Since 9-11, government and media have focused attention on foreign terrorists, but this incident and others suggest that some of that attention should be turned back onto domestic groups that once garnered headlines.

“I think that the Krar case shows that domestic terrorism is alive and well,” says Mark Potok of the Southern Poverty Law Center, which tracks domestic hate and extremist groups. Mark Pitcavage, director of the fact-finding department at the Anti-Defamation League (ADL), notes that domestic extremists on both ends of the political spectrum are involved in “a pretty high level of activity.” For example, racist skinheads in the west have murdered immigrants, gays, and homeless people in the last couple of years, while two Southern California law enforcement officers were recently ambushed by antigovernment extremists.

One of the most significant threats is virulent hate groups, says Potok, who notes that they now number about 750 and their ranks are on the rise. “We’re monitoring more hate groups than ever before,” he says.  Another top threat is environmental extremists, notes Stefan Leader, a terrorism analyst for Mantech Integrated Data Systems who works with a government task force on combating terrorism. “They urge their people to turn to violence when needed,” he says.

Still, Potok says, right-wing extremist activity has ebbed since its high-water mark in the 1990s. Recent years have seen erosion of these groups at the organizational level, Potok adds, through such events as the 2002 death of William Pierce (the founder and leader of the neo-Nazi National Alliance) and the incarceration of World Church of the Creator founder Matt Hale.

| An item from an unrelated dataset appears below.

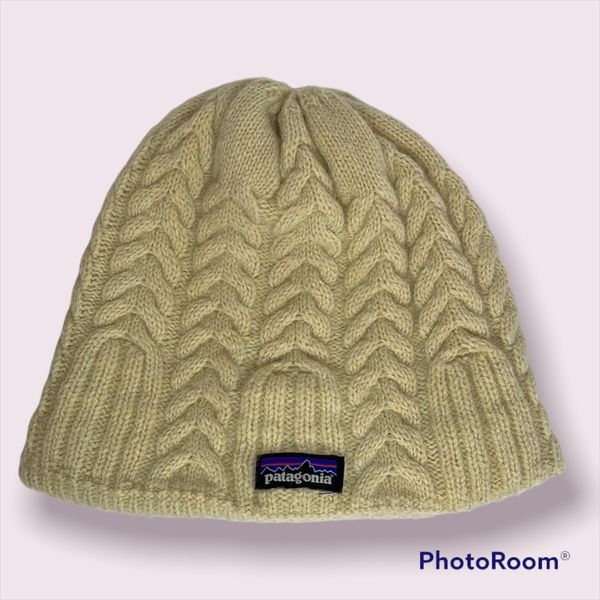 patagonia fleece lined beanie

Mark Hamm, a professor of criminology and terrorism expert at Indiana State University, adds that these groups have not been galvanized recently by a shared grievance. “As far as anyone can see, there’s nothing currently out there to sort of rally the troops,” as there was when Ruby Ridge, Waco, and the Brady bill occurred in quick succession, he says. Anti-Israel and anti-Patriot Act sentiments are common, Hamm says, but haven’t risen to the level of rage.

In fact, militia numbers are way down since their heyday, Potok observes. He attributes some of the decline to the “Y2K debacle,” in which members were encouraged to stock up for a post-2000 world in which martial law would prevail. That, of course, didn’t happen, leaving many disaffected militia members.

But both Potok and Pitcavage point out that splintering of these groups could actually increase violence. “Most criminal acts don’t come from organized groups,” says Pitcavage, “but from offshoots.”

And these extremists remain a threat, experts emphasize.

“There’s a tendency to forget that the radical right has carried out vastly more terrorist attacks than al Qaeda and all other Islamist groups in [the United States] combined,” says Potok. “Al Qaeda has outdone them in deaths, of course, but it’s not for a lack of trying.”